• Study material:
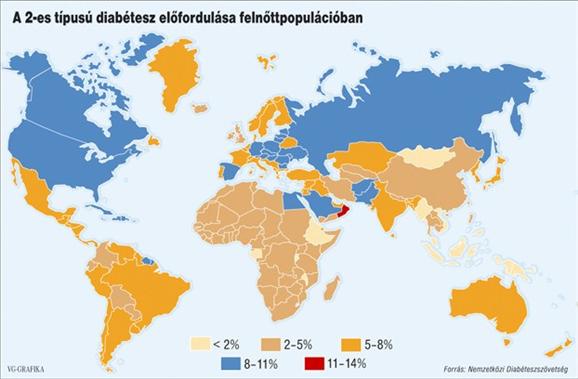 A 2-es típusú diabétesz elfordulása a felnttpopulációban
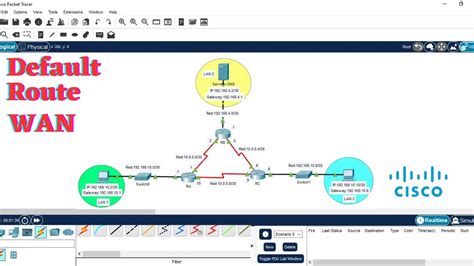 13 Packet Tracer WAN Enrutamiento Estático ruta por defecto YouTube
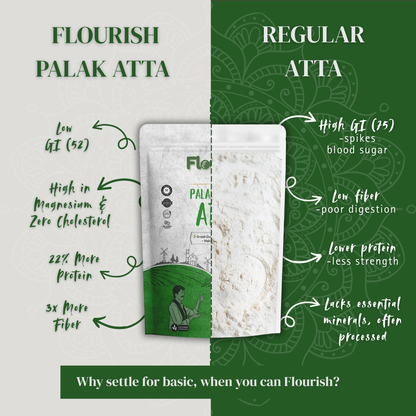 Palak (Spinach) Atta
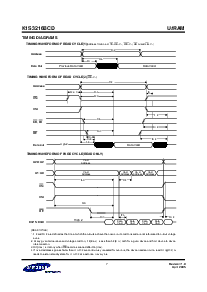 浏览型号K1S3216BCD的Datasheet PDF文件第7页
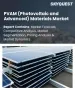 光伏及先進材料市場規模、佔有率及成長分析：按應用、技術、材料類型、最終用戶和地區分類－2026-2033年產業預測
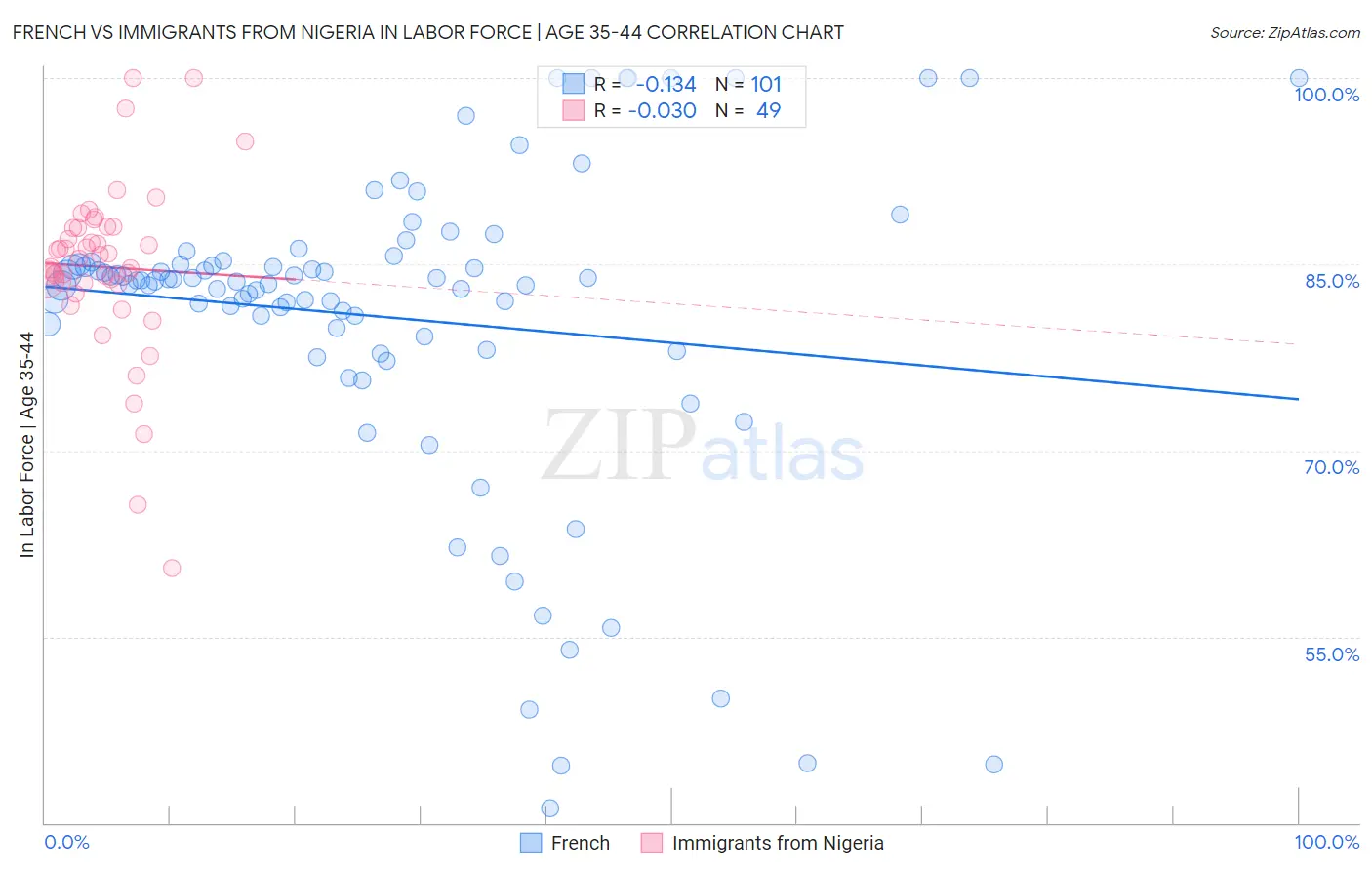 French vs Immigrants from Nigeria In Labor Force | Age 35-44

• Task: The line containing "浏览型号K1S3216BCD的Datasheet PDF文件第7页" and every line after it, through the end of the material above, are to be printed exactly; no pictures belong in the output.

• Response:
 浏览型号K1S3216BCD的Datasheet PDF文件第7页
 光伏及先進材料市場規模、佔有率及成長分析：按應用、技術、材料類型、最終用戶和地區分類－2026-2033年產業預測
 French vs Immigrants from Nigeria In Labor Force | Age 35-44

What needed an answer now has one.